Couverture sociale : des écarts persistants avec les salariés
Le pacte solidaire ne fonctionne pas comme une balance invisible : chaque euro de cotisation en moins ne se traduit pas par une protection amputée. Pour autant, les inégalités persistent.
- L'assurance chômage, limite l'accès à l'allocation spécifique de 800 €/mois pour les TNS sur 6 mois maximum contre 57 % du salaire journalier pour les salariés et 24 mois pour les moins de 53 ans. Pour y prétendre, les indépendants doivent se tourner vers l’Allocation des Travailleurs Indépendants (ATI), soumise à des conditions draconiennes : deux ans d’activité ininterrompue, un revenu annuel moyen d’au moins 10 000 € et une liquidation judiciaire de leur entreprise.
- Indemnités journalières maladie : alors que les salariés bénéficient de 50 % de leur salaire journalier, les indépendants doivent justifier d’un an d’affiliation à la Sécurité sociale et d’un revenu plancher équivalent à 10 % du Plafond Annuel de la Sécurité sociale (PASS) soit 4 383,20 € annuels en 2025, avec des indemnités plafonnées à 63,52 €/jour et une durée maximale d’indemnisation de 360 jours sur trois ans.

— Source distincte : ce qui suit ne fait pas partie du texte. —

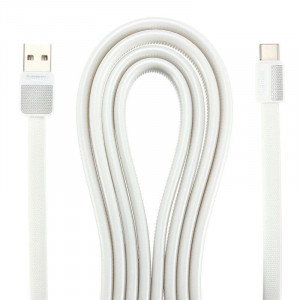 REMAX Cablu Platinum RC-044m - USB to Micro USB - WHITE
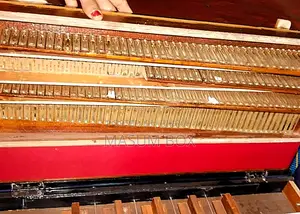 Scale Changer Harmonium
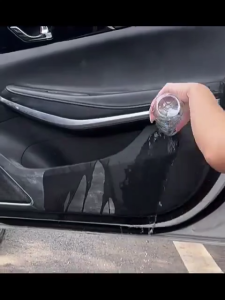 Car Plastic Restorer Back To Black Gloss Armor Wax Coat For Matte And Glossy Armour Wax For Motorcyc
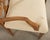 Pair of Dessin Fournir Ribbon-Back Oak Dining Armchairs For Sale - Image 12 of 18
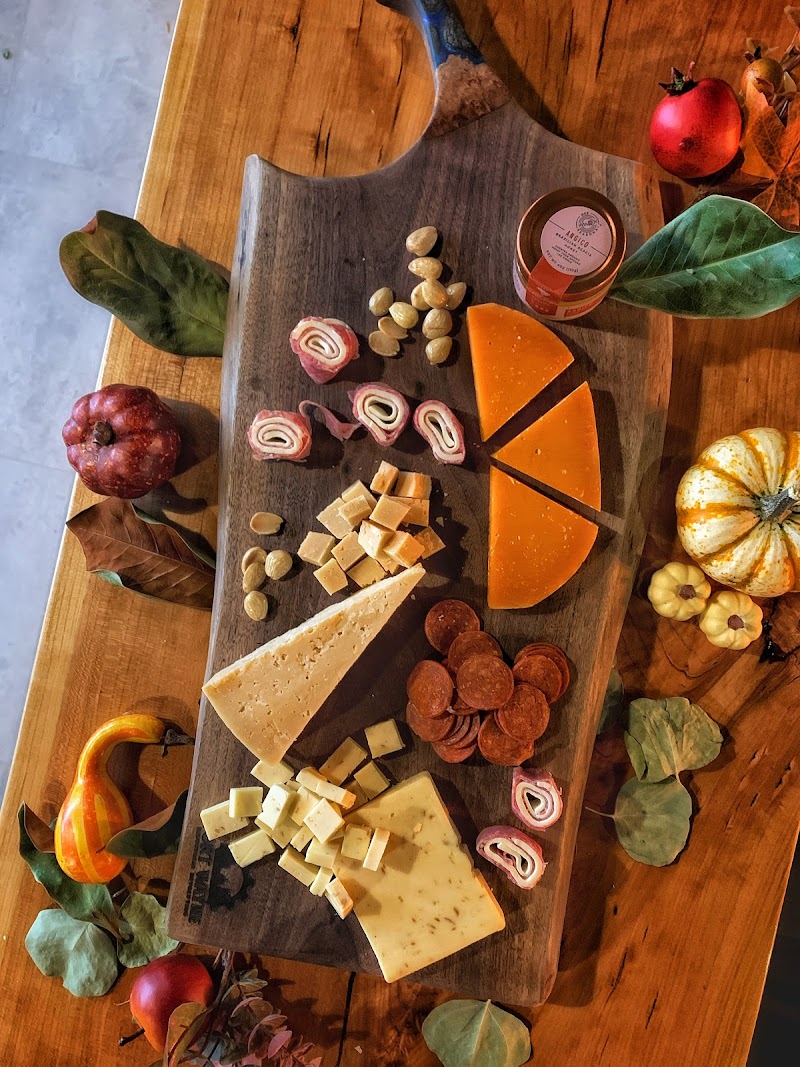 Cheese and Charcuterie - photo 2
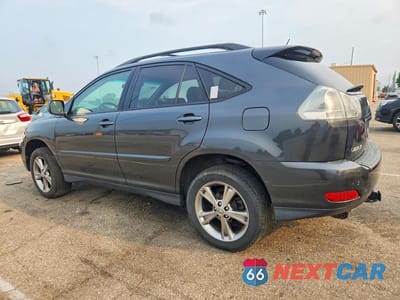 Drugie zdjęcie samochodu z przodu: 2006 LEXUS RX 400 VIN:JTJHW31U460002778 - miniatura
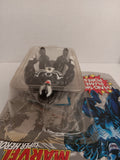 Marvel Super Heroes Venom With Living Skin Slime Pores Action Figure MOC 2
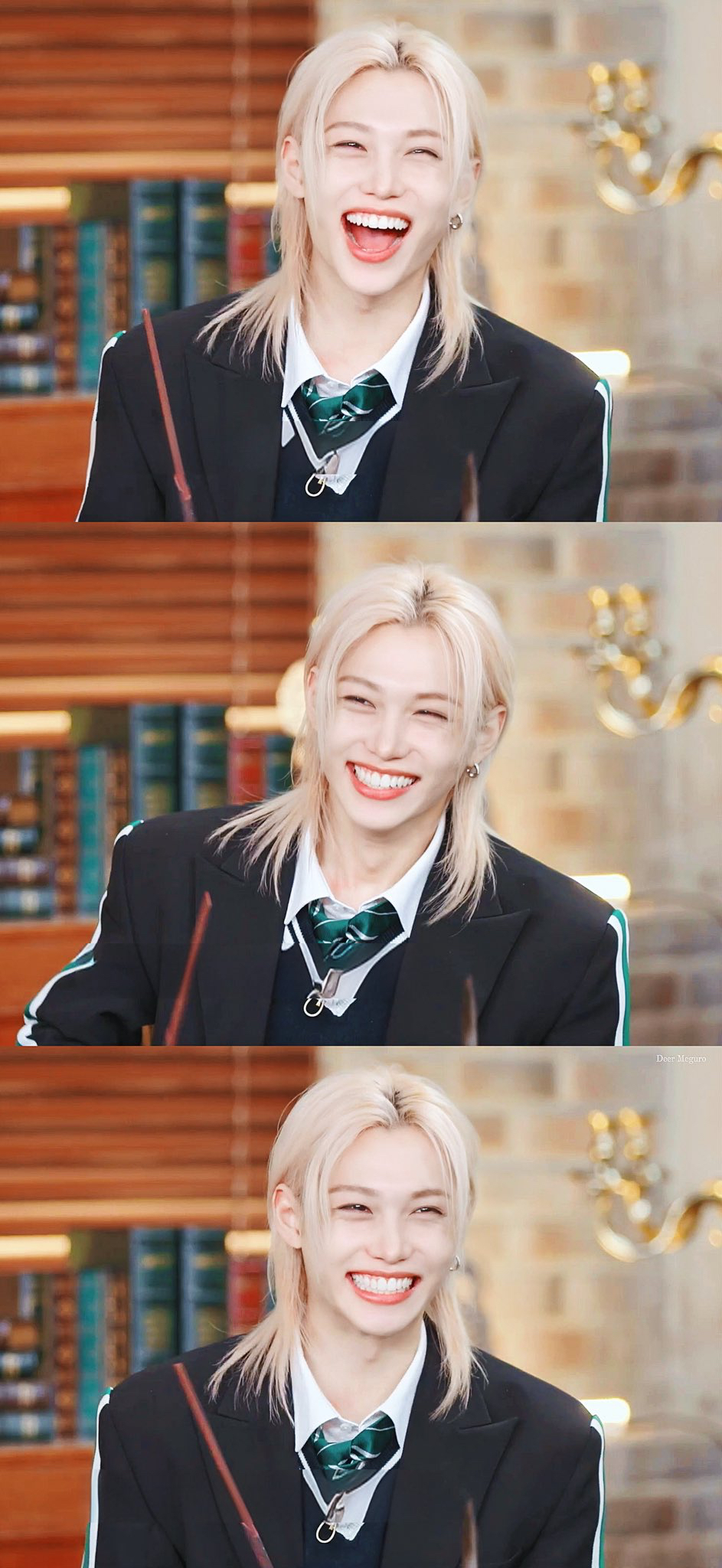 Fandom-recommended wallpaper image of Felix (Stray Kids)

- Le régime de retraite des indépendants creuse encore les écarts avec les salariés, avec des pensions moyennes inférieures de 23 %. Leur pension brute mensuelle atteint 1 180 € contre 1 540 € pour l’ensemble des retraités et les disparités sont abyssales : 810 € pour les agriculteurs contre 2 570 € pour les professions libérales. Les cotisations, calculées sur une assiette plafonnée, représentent 17,75 % du revenus.
Réformes et statuts hybrides : vers une protection sur-mesure
Face à la diversification des formes de travail et aux parcours professionnels de plus en plus variés, le Haut Conseil au financement de la protection sociale (HCFiPS) réfléchit à une refonte du système social pour mieux protéger tous les travailleurs :
- harmoniser les cotisations sociales. La création d'une assiette unique pour toutes les cotisations et contributions sociales. Cette assiette serait calculée sur le chiffre d'affaires, déduction faite des frais professionnels et d'un abattement forfaitaire, permettant ainsi une approche plus équitable entre salariés et indépendants.
- clarifier certains statuts juridiques assimilés au salariat. Pour résoudre les ambiguïtés actuelles, le rapport préconise de légiférer sur les règles de rattachement entre statut salarié et indépendant. L'objectif est d'assurer une cohérence durable entre le droit du travail et la Sécurité sociale.
- mieux accompagner les indépendants : le HCFiPS propose un ensemble de mesures concrètes : l'extension de l'exonération ACRE à deux années pour faciliter le démarrage d'activité, l'homogénéisation des assiettes de CSG et des cotisations contributives afin de garantir une équité de traitement avec les salariés, ainsi qu'une simplification drastique des démarches administratives. Ces réformes s'accompagneraient d'une amélioration globale de l'offre de services aux contribuables et d'un meilleur accès aux droits sociaux, créant ainsi un écosystème plus favorable et protecteur pour l'entrepreneuriat indépendant.